PPRuNe Forums - View Single Post - Centenary of Powered Flight
View Single Post
Old 19th Jan 2002, 00:35
  #18 (permalink)  
boofhead
 
Join Date: Feb 2000
Location: Pacific
Posts: 731
Likes: 0
Received 0 Likes on 0 Posts
Post

I've got an old book that I bought at a garage sale 25 years ago. It is a collection of flying magazines devoted to the history of flight, called "War in the Air" or "Aerial Wonders of Our Time." Fascinating book, although it is falling apart. It appears to have been published in 1936 but there is no publishing information inside.

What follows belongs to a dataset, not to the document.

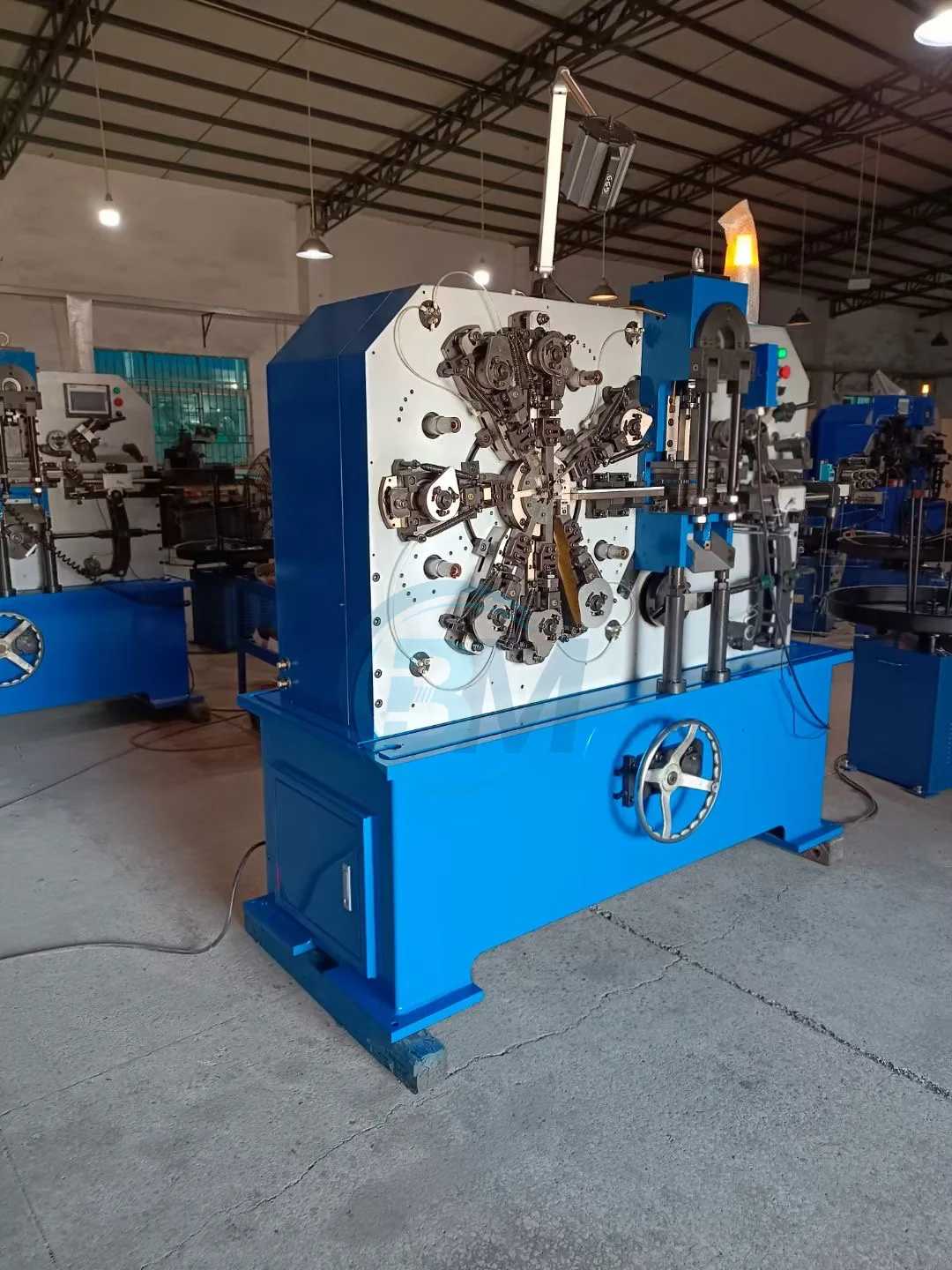 Fully Automatic Sheet Spring Making Machine for Fixed Pipe Clips of Car and Motorcycle Engine Factory Price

On page 278 is the famous picture taken of the actual first flight, and the caption reads "A New Science is Born..When man's age-old aspiration became a reality with the first brief flight of the Wright aeroplane on December 17, 1903, the news was received with doubt. But later an unbelieving world awoke to find that a new and mighty science had been born. In this historic photograph something of the romance of that eventful day has been captured. Amongst the desolate sand dunes near Kitty Hawk, Orville Wright, after a catapult launch from a special track, skims through the air with engine barking thriumphantly and twin propellers whirling. Meanwhile, his brother Wilbur watches in an attitude of wrapt, critical attention. Five other persons only were present on that historic occasion." This accompanies an article written by Capt J Laurence Pritchard Hon FRAes titled The Flight That Changed the World. The text of this article has been published other places many times. I have another copy of it published in the Observer Magazine Sunday 12 December 1993, with the original photo, but the caption is changed, crediting it to John Daniels, a Coastguard employee working nearby. The article does not mention a catapult, but refers to a sled using bicycle hubs as wheels running on a track arrangement. It infers that the takeoff was solely under the power of the engine running two propellers. But no photo of the track arrangement exists to my knowledge.

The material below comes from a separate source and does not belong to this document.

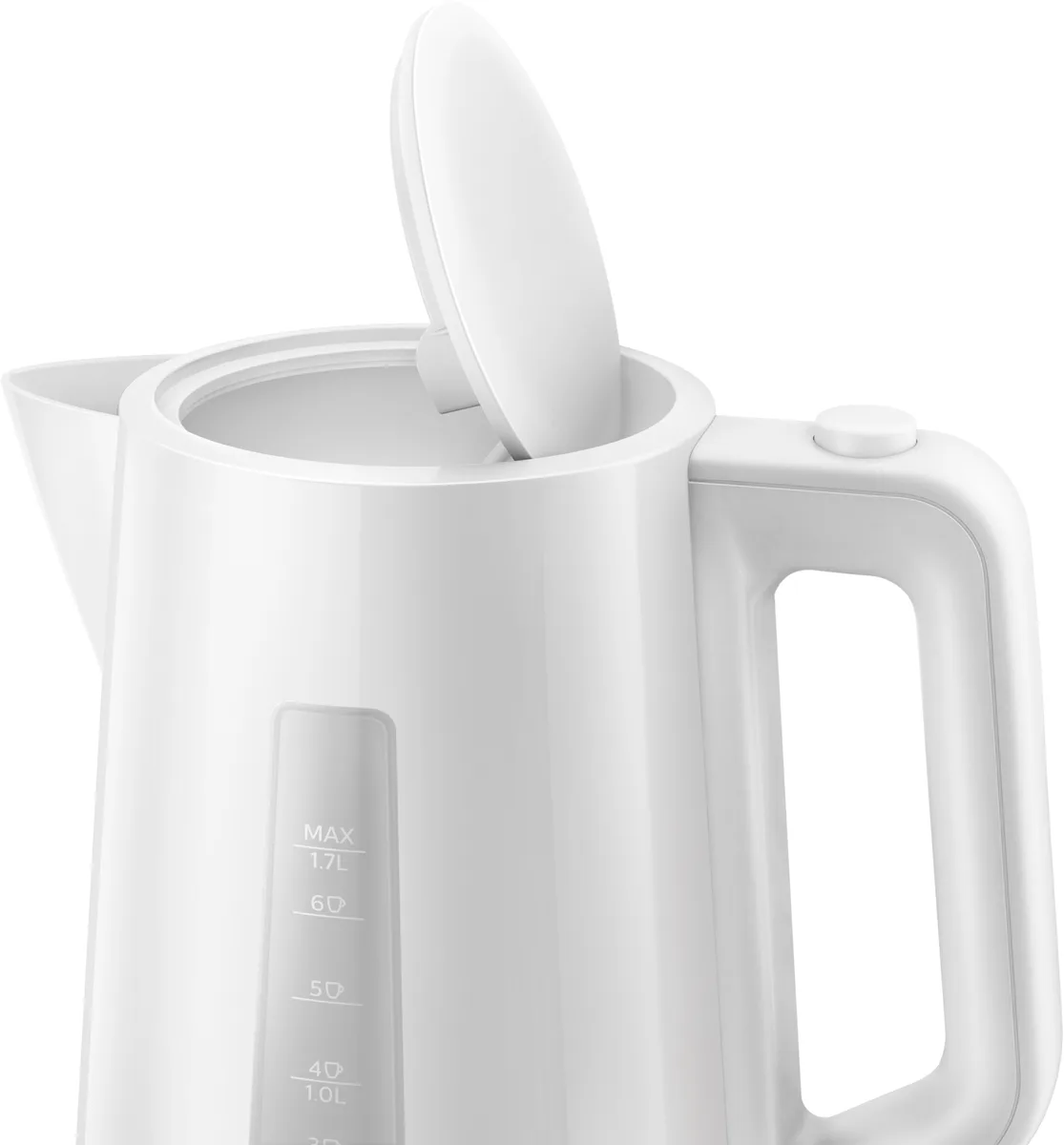 Електрочайник Philips пластик 1,7 л Білий 2200 Вт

And again on page 426 there is an account of the first flight written by Sir Alliot Verdon-Roe, OBE FRAeS under the title Aeroplanes of the Past. Again no date. In this article, discussing the first flight of Orville and later flights in the series, and based, he says, on written conversations with Wilbur Wright, he wrote "Having started with glides from a hillside and knowing they could land all right on the sledge-like runners (instead of wheels), they developed a starting-off catapult arrangement. A weight was hoisted up to the top of a pylon, and when this weight was released it catapulted the machine into the air by means of a suitably arranged line over pulleys. There was really nothing terrifying to them in being shot off in this manner, as they were used to being launched down hill. The pilot lay down at first and later sat up, controlling the front elevator with a lever in one hand, and warping the main wings, for the purpose of lateral control, with the other."

So maybe I am not the only one dead wrong. But I guess part of that description applies to the original authors.